Recipe Cinnamon Kumquats

Discussion in 'Recipes' started by Falcon15, Dec 23, 2010.

  1. Falcon15

    Falcon15 Falco Peregrinus

    A simple, yet tasty recipe for preserving that massive annual Kumquat harvest. This recipe has one variation that uses fresh mint instead of cinnamon, and is equally good. Personally I love the aroma of this as it is cooking and it is heaven over vanilla ice cream. This will make approximately six (6) eight (8) ounce jars.

    The recipe:
    2.5 pounds Kumquats (stems completely removed)
    2 tbsp Baking Soda
    Boiling water
    2 4" long Cinnamon Sticks (8" total) - the fresher the better.
    6 cups granulated sugar

    1. In a large stainless sauce pan, combine kumquats and baking soda. Add boiling water, enough to cover the kumquats, and set aside or 5 minutes.
    Transfer to a colander, drain thoroughly and rinse three (3) times with cold running water. Prick each kumquat with a toothpick two (2) times to help prevent bursting.

    2. In a stainless stockpot combine the kumquats, 8 cups of cold water and the cinnamon sticks. Bring to boil over high heat.
    Reduce heat to low and heat gently for 7 minutes. (be careul not to boil, boiling will burst the skins).
    Add the sugar and cook over medium low heat, stirring gently but constantly, until the sugar has dissolved and and liquid is almost back to a boil.
    Discard the cinnamon sticks.
    3. Meanwhile, prepare your jars and lids.
    4. Using a slotted spoon pack kumquats loosely into 8 oz. jars to within a generous 1/2 inch of the top of the jar.
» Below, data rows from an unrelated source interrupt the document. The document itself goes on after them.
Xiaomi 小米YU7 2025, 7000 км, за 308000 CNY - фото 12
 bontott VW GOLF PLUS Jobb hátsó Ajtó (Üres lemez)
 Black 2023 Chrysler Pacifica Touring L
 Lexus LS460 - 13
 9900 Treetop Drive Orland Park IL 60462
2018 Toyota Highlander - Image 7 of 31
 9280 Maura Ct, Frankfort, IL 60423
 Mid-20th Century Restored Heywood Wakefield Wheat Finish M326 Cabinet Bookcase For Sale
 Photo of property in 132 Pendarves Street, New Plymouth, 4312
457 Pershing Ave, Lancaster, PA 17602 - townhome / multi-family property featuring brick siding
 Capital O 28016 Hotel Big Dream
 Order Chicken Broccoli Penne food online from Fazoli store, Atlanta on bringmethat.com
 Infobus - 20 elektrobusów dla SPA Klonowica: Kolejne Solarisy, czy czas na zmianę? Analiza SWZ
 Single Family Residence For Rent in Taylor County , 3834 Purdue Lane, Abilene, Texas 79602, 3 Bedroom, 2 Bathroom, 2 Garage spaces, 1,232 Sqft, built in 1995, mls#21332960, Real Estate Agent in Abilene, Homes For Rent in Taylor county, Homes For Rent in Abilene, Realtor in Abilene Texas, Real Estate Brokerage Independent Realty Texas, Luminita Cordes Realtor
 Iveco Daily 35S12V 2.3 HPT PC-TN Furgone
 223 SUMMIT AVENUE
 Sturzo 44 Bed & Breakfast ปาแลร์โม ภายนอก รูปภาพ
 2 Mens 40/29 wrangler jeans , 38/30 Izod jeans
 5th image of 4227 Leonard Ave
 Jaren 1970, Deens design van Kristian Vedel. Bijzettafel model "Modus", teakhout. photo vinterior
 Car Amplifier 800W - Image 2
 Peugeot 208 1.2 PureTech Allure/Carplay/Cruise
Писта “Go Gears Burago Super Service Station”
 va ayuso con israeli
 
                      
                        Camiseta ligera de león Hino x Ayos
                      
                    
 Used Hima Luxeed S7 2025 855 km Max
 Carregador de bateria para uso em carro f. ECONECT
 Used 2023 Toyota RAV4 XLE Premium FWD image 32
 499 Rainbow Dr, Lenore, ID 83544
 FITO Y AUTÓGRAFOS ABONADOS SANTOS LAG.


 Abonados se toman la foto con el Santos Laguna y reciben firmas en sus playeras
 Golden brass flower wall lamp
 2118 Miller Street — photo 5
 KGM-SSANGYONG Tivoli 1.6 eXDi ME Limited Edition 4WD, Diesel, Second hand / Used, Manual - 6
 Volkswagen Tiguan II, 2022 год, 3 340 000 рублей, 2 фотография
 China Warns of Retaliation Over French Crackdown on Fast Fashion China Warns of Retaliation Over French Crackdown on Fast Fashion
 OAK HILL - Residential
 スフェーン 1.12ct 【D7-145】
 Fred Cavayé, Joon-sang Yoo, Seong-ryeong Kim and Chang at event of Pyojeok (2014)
Ladle hot syrup into the jars, leaving 1/2" head space. With a rubber spatula or non-metal tool, work the air bubbles out, adding more syrup as needed. Wipe rims. Center lid on jars. Screw down until resistance is met, then tighten to finger tight.
    5. Place jars in water bath canner, making sure the tops of the jars are covered by at least an inch of water. Bring to a boil and process for 15 minutes.
    Remove lid from canner, turn off heat and let sit for 5 minutes before removing the jars from the water bath. Set on a towel lined cookie sheet and cover with another towel. Let cool for 24 hours. Label and date.
    For Minted kumquats, replace the cinnamon with 1 cup of fresh mint leaves and stems, tied tightly with string. When packing the kumquats, place a fresh mint leaf in each jar.

  2. Goldwampum

    Goldwampum Monkey+

    Great looking recipe. Thanks... and it's even fun to say.:oops: Cinnamon kumquats...
  3. tacmotusn

    tacmotusn RIP 1/13/21

    two questions. do kumquats have seeds if any significance? and, have you considered cutting them into quarters or so and zapping them thru a food processor and making kumquat marmalade?
  4. Falcon15

    Falcon15 Falco Peregrinus

    they have seeds, but not significant seeds, as for the marmalade, I have not thought about is a great idea, I'll have to try it!
  5. tacmotusn

    tacmotusn RIP 1/13/21

    If and when you try making marmalade with them please give us an update. I have eaten them raw. I am pretty sure from their consistency you could use the whole kumquat, pulp and all in making a form of marmalade.
  6. Falcon15

    Falcon15 Falco Peregrinus

    I will give it a whirl probably this weekend or sometime next week.
  7. Falcon15

    Falcon15 Falco Peregrinus

    Tac, found a Kumquat Marmalade recipe in a Ball Blue Book circa 1963

    3 quarts water
    2 cups thinly sliced kumquats (about 2 dozen)
    1 1/2 cup sliced orange peel (about 2 medium)
    1 1/2 cup chopped orange pulp (about 2 medium)
    1/3 cup lemon juice
    Approximately 9 cups sugar

    Add water to fruit; cover and let stand in a cool place overnight. Bring to a boil and cook until peel is tender. Add lemon juice. Measure fruit and liquid. To each cup of fruit mixture add 1 cup sugar. Stir until sugar is dissolved. Cook until the jellying point, about 45 minutes. Stir occasionally to prevent sticking. Pour, boiling hot, into sterilized jars. Put on lids and rings. Yield is about 8 half-pints.